Telstra Corporation Ltd

Security price: $6.29
Industry: Telecommunications
Forecast distribution: 30c per share fully franked
Last April, we said Telstra was a stalwart of local share portfolios but investors should take a fresh look at it as an income stock.
The shares have since rallied 24 per cent from $5.08 to $6.29, and income investors may now be asking whether Telstra is too expensive.
Telstra is highly profitable, so the solid yield will continue to sustain the stock with more cuts to interest rates likely.
With no dividend payment until September, the stock should be accumulated below $6.

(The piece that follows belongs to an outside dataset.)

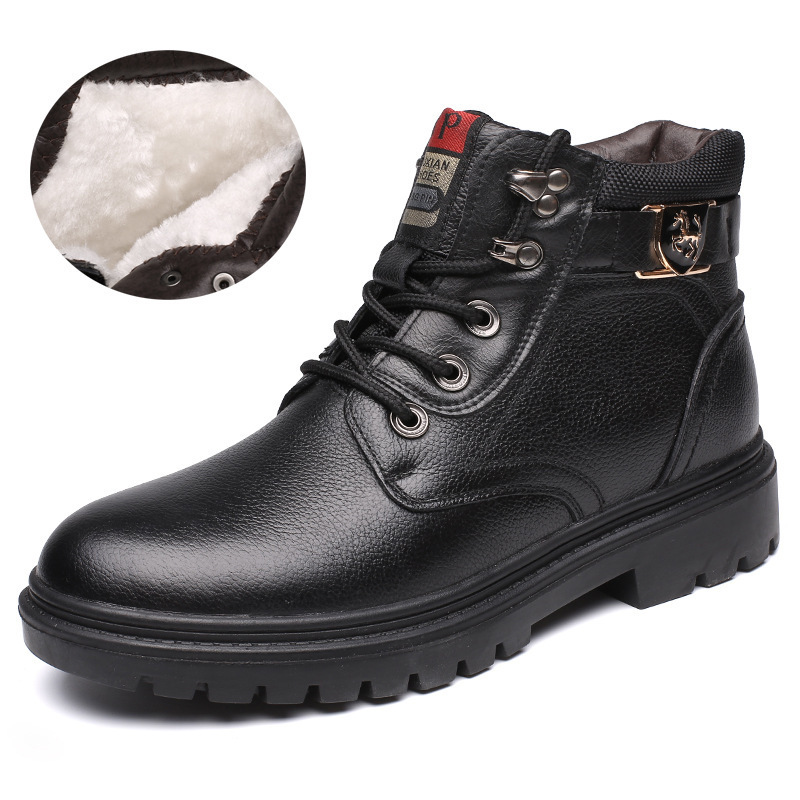 Title 6, Leather warm non-slip and fleece Martin boots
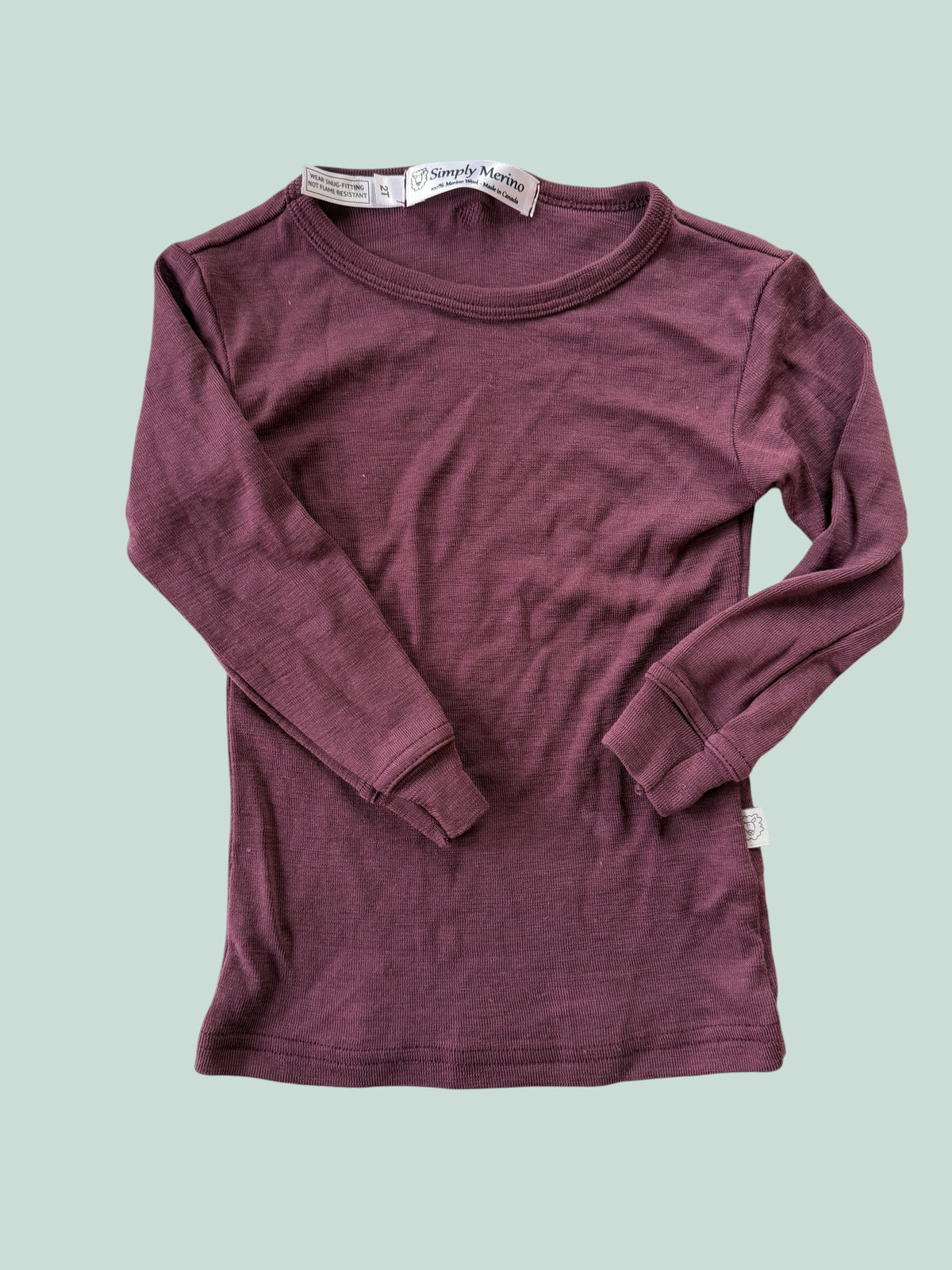 Mauve merino long sleeve thermal top 2Y | Simply Merino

Telstra is Australia’s largest telecommunications provider. Its products and services include broadband, mobile and data, in which it mostly has dominant market shares. Its operations are now being rebalanced, with the growth of mobile offsetting the decline in fixed-voice revenue as customers shift from fixed voice telephony such as home phones to mobile and online.
The company’s recent interim results showed the rebalancing is on track, with strong performances. Its mobile business lifted revenue 10 per cent and added 366,000 subscribers, although there is a question mark over how sustainable this growth is. But the company also has a good growth outlook across a range of services, in­cluding cloud computing and unified communications offered by its Network and Application Services division.

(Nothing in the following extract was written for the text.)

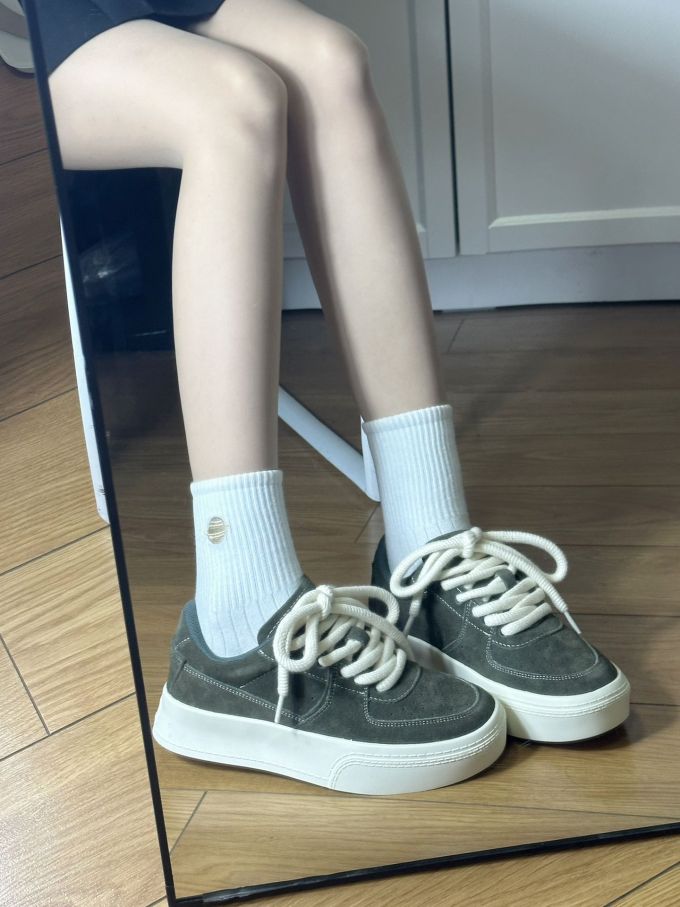 平底 圆头 低帮 系带 深口鞋 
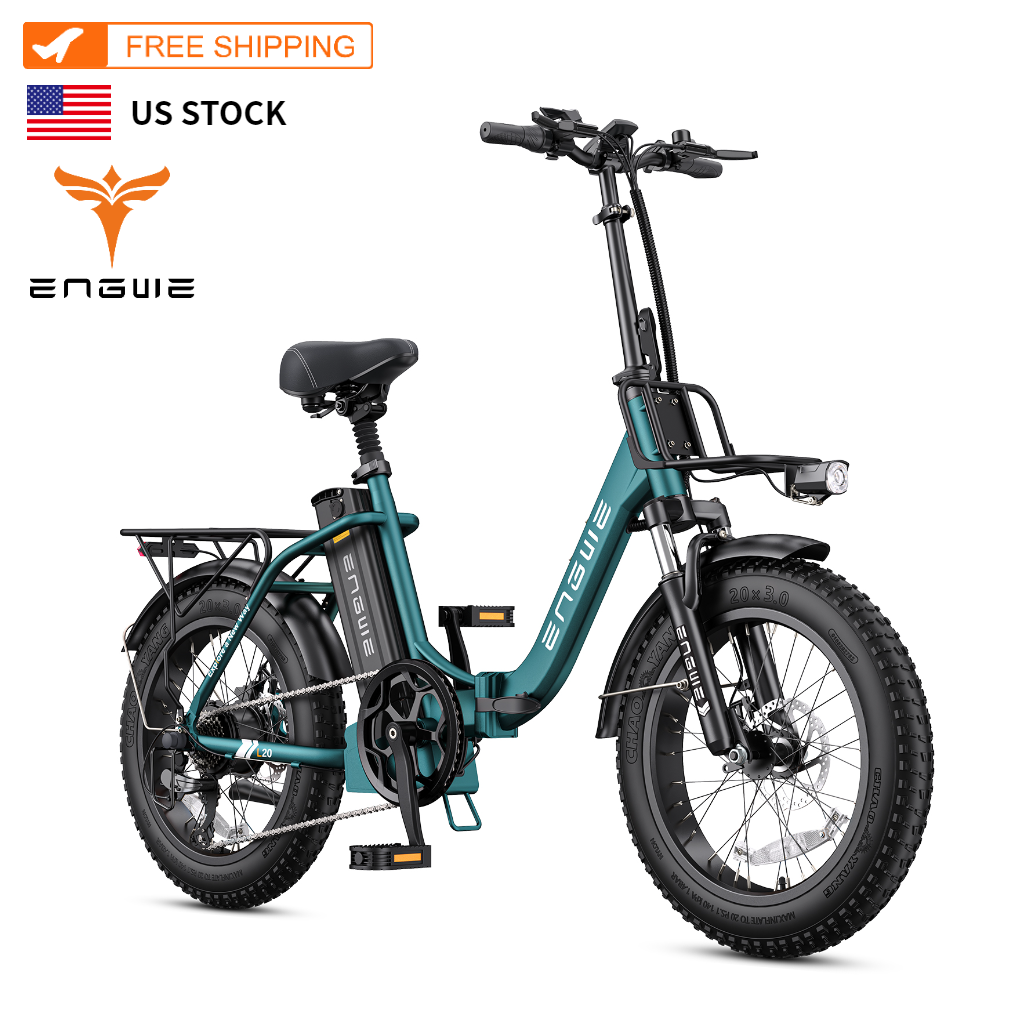 ENGWE L20 2.0 Foldable Fat Tire Electric Bike 750W Motor 52V 13Ah Battery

Gearing as measured by net debt to equity increased from 75 per cent during the half to 105 per cent as net debt rose $3.7 billion to $14bn and ­equity fell $470 million, largely due to the $1bn share buyback. That gearing is high but financial risk is mitigated by strong, consistent cashflows and the coming NBN compensation payments with a present value of $11bn.

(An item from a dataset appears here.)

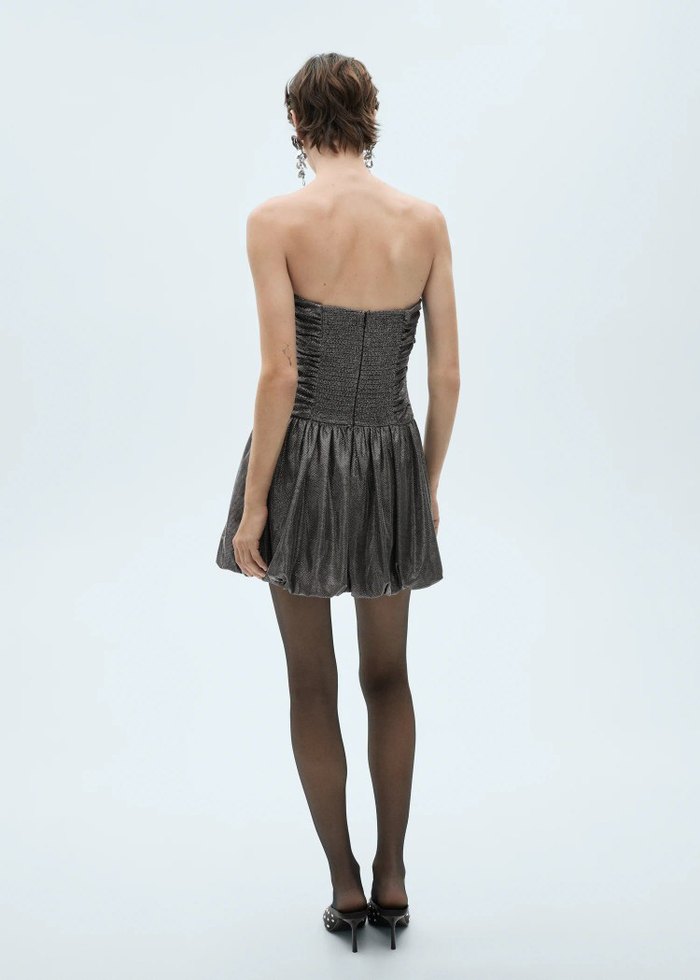 mango straplez elbise - Görsel 3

Telstra declared an interim dividend of 15c a share fully franked, up 3.6 per cent on the previous corresponding period but at the lower end of expectations. The full-year payout is forecast to be 30c fully franked, giving a solid yield of 4.8 per cent.
Telstra’s management also indicated its dividend reinvestment plan (DRP) would start again for the first time since 2008, taking effect from the 2015 final dividend. This is disappointing because it increases the number of shares on issue and slows dividend growth.
At $6.29, Telstra is trading slightly above our valuation of $6.08, but the stock’s reputation as a yield play is likely to grow.